Arranjou um guia para a levar pela Mauritânia, evitando, segundo ela, as paragens policiais da viagem; disse-nos que o marido a esperava do outro lado da fronteira, pois o passaporte dele não o permitia vir a Marrocos buscá-la; mostrou-nos o passaporte com dezenas de carimbos, para justificar que conhece toda a África e que a Mauritânia é um país de criminosos e que devíamos seguir com ela, ajudando a pagar o guia, e assim sair daquele país o mais depressa possível.

3h depois de termos chegado à fronteira, abre-se uma cancela e a visão de carros destruídos, lixo e pessoas a vaguear, fez daquele troço de 4Km um dos mais tensos da viagem.

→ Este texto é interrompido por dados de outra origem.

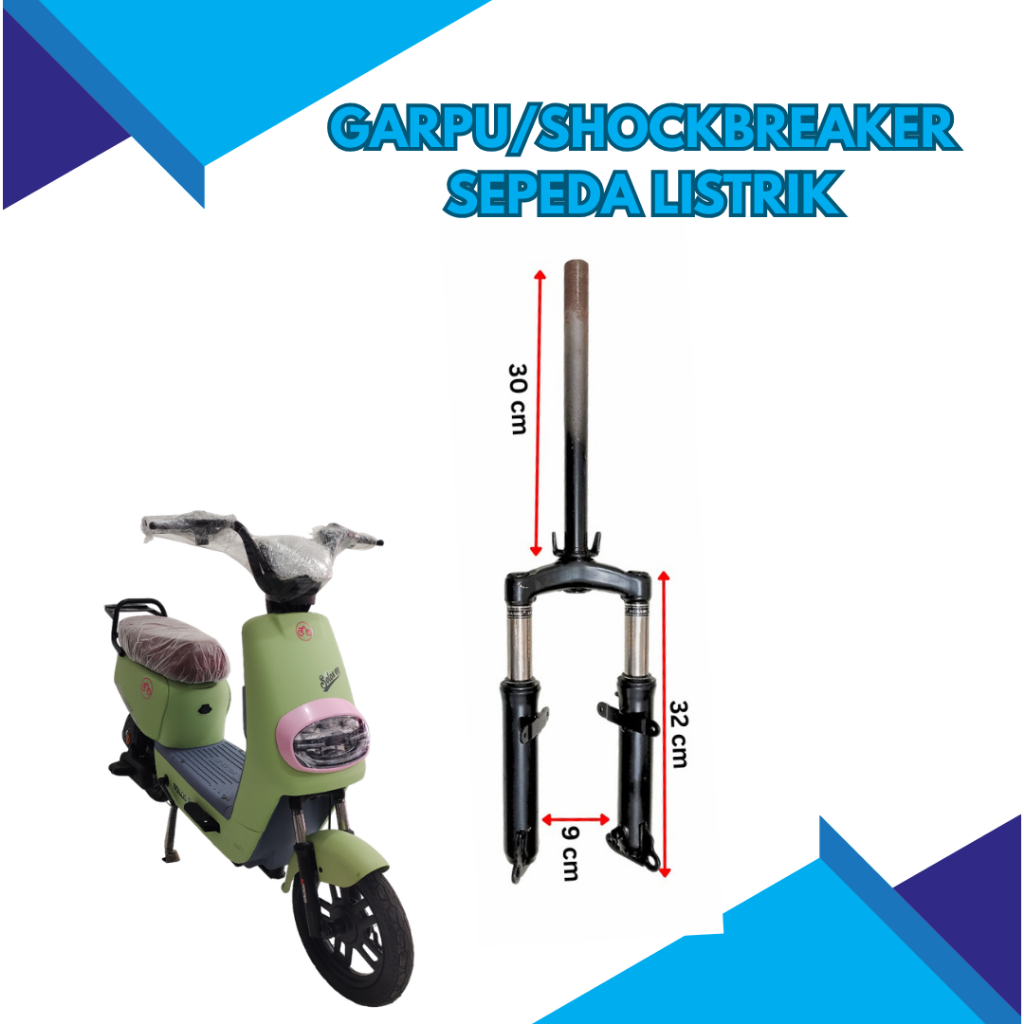 Shock Breaker Depan Sepeda Listrik Universal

Sabíamos da existência das minas e também sabíamos que se alguma coisa acontecesse naquele bocado de terra, nenhum país se responsabilizaria, pois não pertence a ninguém. Um homem fez paragem ao Opel Kadett da espanhola, como ela não parou, deu um pontapé na porta. Nós seguíamos atrás e passamos bem por esse homem.



O mais caricato acontece à chegada à fronteira da Mauritânia. A mulher espanhola tinha o marido à espera, o guia também lá estava. Mal entramos pela porta do país, a mulher vem apressada ter connosco. perguntou se trazíamos álcool ou anti-depressivos (tudo proibido na Mauritânia). Respondi que tinha uma garrafa de Whisky, mas que nem sabia onde estava. Ela mais nervosa do que nós, disse que tínhamos de destruir a garrafa, pois se os guardas fronteiriços a encontrassem, íamos presos e por muito tempo. Ficamos nervosos.
A espanhola - que  não nos conseguiu convencer a dividir a despesa do guia - disse que não podia esperar por nós, pois estava a ficar muito tarde.

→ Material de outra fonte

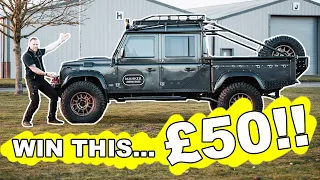 You could own the LAND ROVER DEFENDER 130 for just £50 || Mahker Weekly EP071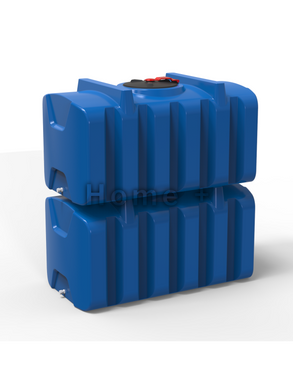 Емкость Europlast 1000 л двухслойная прямоугольная 170*90*88 см синяя (крышка с ДК)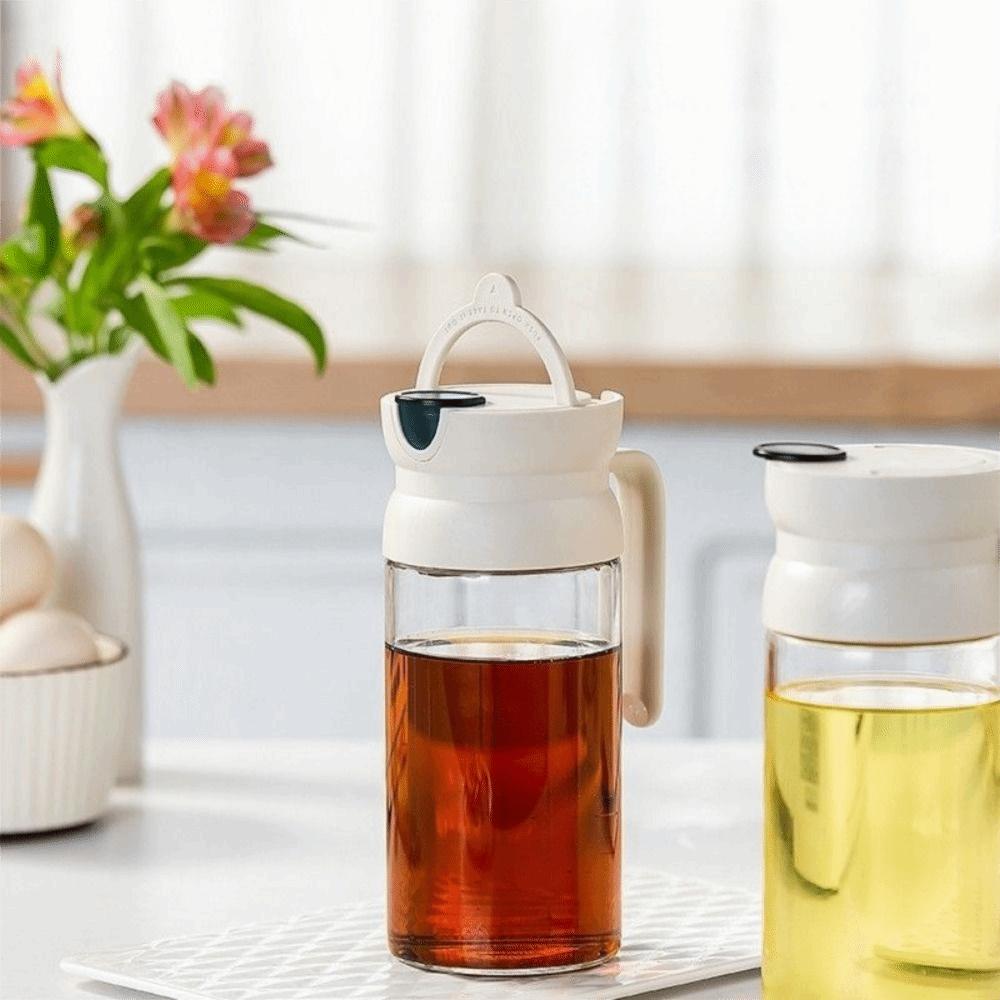 600ML Glass Oil Bottle Large Capacity Soy Sauce Dispenser Practical Vinegar Container Restaurant
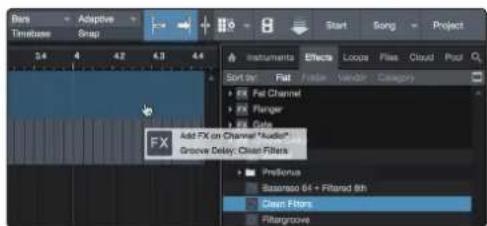 PRESONUS Studio 24c - Glisser-deposer d'effets - 1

Abrimos a mala e mostramos documentos aos guardas (militares enormes). Depois de 5 minutos a revistar o carro, com umas ofertas pelo meio, estava tudo OK e pronto a seguir viagem, faltava apenas fazer o seguro, pois nenhuma companhia de seguros em Portugal contempla este país. Passaram 5 horas entre as duas fronteiras, faltavam duas para escurecer.

Na preparação desta viagem, lemos e ouvimos pessoas que falavam da Mauritânia como um país a evitar. Fala-se de raptos e roubos, o que nos fez pensar que o melhor seria parar na primeira cidade - Nouadhibou - e seguir viagem com o nascer do Sol.

Fizemos os 35 Km que separam a fronteira desta cidade. Duas paragens policiais, não muito diferentes das verificadas no Reino de Marrocos e encontramos o Camping do senhor Ali, sugerido por um dos guardas.

Chegados à cidade, notamos que todos os carros buzinavam. De repente até parecia que estavam a seguir-nos, pois a cada 20 segundos, um MB 190D passava por nós. Não foi preciso muito tempo para perceber que todos os carros eram Mercedes, táxis sem identificação, e que buzinavam para tentar atrair clientes.

A cidade é frenética, mas tem um grande defeito: cheira a peixe podre. Entre os chamamentos da mesquita, e os buzinões, a calmaria do camping sabia a mel.

O camping é melhor do que estávamos à espera. Não necessitamos de tenda. pois tem quartos, tem cozinha, WC e parque seguro para o carro. Depois de jantar (uma massa com tudo à mistura), oferecemos alguns brinquedos aos filhos do Ali, bebemos um trago de Whisky (sinal de que nos iríamos despedir da garrafa), fomos a um cybercafé enviar mais fotos, banho tomado e dormimos.